#### [WHAT THE TASK REQUIRES]
Print the listing below a second time, exactly, and omit its images.

#### [COLLECTED MATERIAL]
########################################

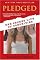 Pledged: The Secret Life of Sororities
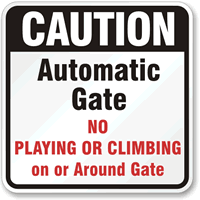 Caution Automatic Gate Sign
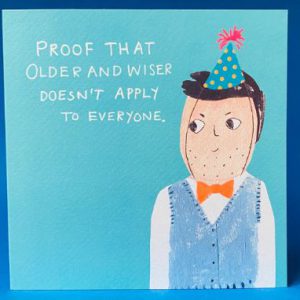 Older and Wiser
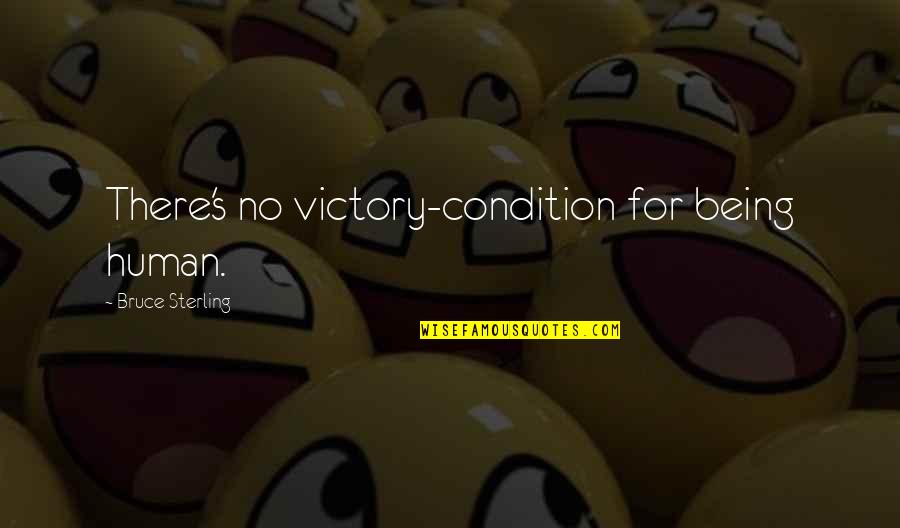 Aufpasser Quotes By Bruce Sterling: There's no victory-condition for being human.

########################################

#### [ANSWER TO THIS TASK]
 Pledged: The Secret Life of Sororities
 Caution Automatic Gate Sign
 Older and Wiser
 Aufpasser Quotes By Bruce Sterling: There's no victory-condition for being human.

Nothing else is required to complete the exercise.